• [Activity]: Take every line from the records below that includes the word "Photo".

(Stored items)
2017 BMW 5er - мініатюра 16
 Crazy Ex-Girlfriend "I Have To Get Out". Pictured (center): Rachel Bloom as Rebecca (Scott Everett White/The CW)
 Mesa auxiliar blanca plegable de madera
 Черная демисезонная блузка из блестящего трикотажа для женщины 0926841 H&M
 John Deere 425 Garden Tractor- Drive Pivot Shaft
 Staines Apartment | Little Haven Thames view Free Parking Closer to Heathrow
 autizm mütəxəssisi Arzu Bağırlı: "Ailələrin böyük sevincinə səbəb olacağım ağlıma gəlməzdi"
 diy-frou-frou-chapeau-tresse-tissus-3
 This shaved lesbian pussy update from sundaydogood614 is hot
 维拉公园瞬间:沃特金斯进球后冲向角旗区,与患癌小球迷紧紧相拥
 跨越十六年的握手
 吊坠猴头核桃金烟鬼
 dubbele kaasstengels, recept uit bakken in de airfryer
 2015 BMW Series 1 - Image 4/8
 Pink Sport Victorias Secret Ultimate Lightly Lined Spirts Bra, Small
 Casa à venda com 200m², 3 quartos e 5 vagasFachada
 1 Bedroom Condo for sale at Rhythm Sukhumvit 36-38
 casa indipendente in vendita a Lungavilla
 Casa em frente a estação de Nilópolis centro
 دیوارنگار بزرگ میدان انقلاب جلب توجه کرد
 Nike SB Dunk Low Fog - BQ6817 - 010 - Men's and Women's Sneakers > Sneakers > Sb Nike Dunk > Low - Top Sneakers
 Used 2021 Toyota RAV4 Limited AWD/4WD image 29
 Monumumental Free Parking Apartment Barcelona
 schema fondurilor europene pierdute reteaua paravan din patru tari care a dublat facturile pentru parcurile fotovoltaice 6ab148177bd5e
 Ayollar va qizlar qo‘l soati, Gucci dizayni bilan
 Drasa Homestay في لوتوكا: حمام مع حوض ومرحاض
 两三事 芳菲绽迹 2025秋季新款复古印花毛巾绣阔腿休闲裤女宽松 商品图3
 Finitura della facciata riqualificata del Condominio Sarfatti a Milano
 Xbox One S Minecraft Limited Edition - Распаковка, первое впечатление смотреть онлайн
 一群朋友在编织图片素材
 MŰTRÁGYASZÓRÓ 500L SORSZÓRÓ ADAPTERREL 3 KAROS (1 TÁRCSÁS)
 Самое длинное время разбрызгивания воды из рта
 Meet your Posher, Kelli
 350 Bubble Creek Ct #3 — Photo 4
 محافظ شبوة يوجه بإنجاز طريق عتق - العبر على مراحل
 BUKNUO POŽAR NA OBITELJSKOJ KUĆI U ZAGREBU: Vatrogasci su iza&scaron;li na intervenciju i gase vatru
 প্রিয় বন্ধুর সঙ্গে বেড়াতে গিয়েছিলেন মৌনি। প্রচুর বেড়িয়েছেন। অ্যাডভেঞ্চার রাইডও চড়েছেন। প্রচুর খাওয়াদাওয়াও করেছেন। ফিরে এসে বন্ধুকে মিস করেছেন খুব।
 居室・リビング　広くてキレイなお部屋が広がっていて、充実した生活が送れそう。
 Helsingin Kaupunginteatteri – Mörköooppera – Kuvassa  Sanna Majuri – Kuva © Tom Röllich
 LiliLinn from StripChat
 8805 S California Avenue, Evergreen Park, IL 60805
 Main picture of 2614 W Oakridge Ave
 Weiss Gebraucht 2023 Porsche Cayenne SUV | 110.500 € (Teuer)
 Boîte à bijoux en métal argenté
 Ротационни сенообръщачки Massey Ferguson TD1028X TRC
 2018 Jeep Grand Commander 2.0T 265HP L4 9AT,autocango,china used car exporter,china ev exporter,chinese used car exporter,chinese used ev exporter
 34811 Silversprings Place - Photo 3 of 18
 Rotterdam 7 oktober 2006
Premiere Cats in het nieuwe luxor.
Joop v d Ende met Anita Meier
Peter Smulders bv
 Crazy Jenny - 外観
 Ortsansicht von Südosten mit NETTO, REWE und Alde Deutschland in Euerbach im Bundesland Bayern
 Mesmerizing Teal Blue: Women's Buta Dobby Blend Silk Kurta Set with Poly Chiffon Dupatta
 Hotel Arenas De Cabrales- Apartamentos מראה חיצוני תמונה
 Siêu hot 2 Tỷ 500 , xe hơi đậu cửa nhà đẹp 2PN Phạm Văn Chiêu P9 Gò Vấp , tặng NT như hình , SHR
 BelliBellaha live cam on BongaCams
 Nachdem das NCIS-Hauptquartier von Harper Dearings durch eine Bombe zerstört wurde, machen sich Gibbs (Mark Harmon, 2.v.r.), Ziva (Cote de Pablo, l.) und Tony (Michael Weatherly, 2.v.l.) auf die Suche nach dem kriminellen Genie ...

• [Written reply]:
 350 Bubble Creek Ct #3 — Photo 4
 34811 Silversprings Place - Photo 3 of 18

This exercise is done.